The best part about micro-influencers is that they’re everyday people. If you could assign tags to yourself, what would they be? Are you an expert Apple user, a music junkie, a festival connoisseur? Better yet, are you the go-to person for medical advice; podcast suggestions; or even travel tips. These are all important ways to identify your own micro-influence. Simple right? Luckily for you, it’s just as simple to do the same when looking for micro-influencers outside of your own network.
Not sure where to start? Look to your own customers for support.
Your best customers are your best influencers
Find ways to engage them, connect with them, and build relationships with them. Not only do your customers know your product well, but if they love it — they’ll recommend it to their friends and their peers. When thinking about influencer marketing, customers are often forgotten. But think about how many times you’ve influenced your friends to try out a product, not because you were incentivized but just because you had an amazing experience. Why did this work? Was it because you forced them, or was it because you were genuine?

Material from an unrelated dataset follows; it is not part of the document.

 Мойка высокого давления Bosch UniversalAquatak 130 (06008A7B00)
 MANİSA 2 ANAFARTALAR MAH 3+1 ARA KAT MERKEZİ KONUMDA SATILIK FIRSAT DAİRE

Micro-influencers not only let you create; distribute; and connect with your customers at scale… but they surpass ad blockers and leave a lasting impression on your audience. Micro-influencers are conversationalists, while celebrity influencers are billboards. While there’s a place for both in marketing, think about the one that matters most to you — and take a moment to discover the power of your customers and those who matter most to them.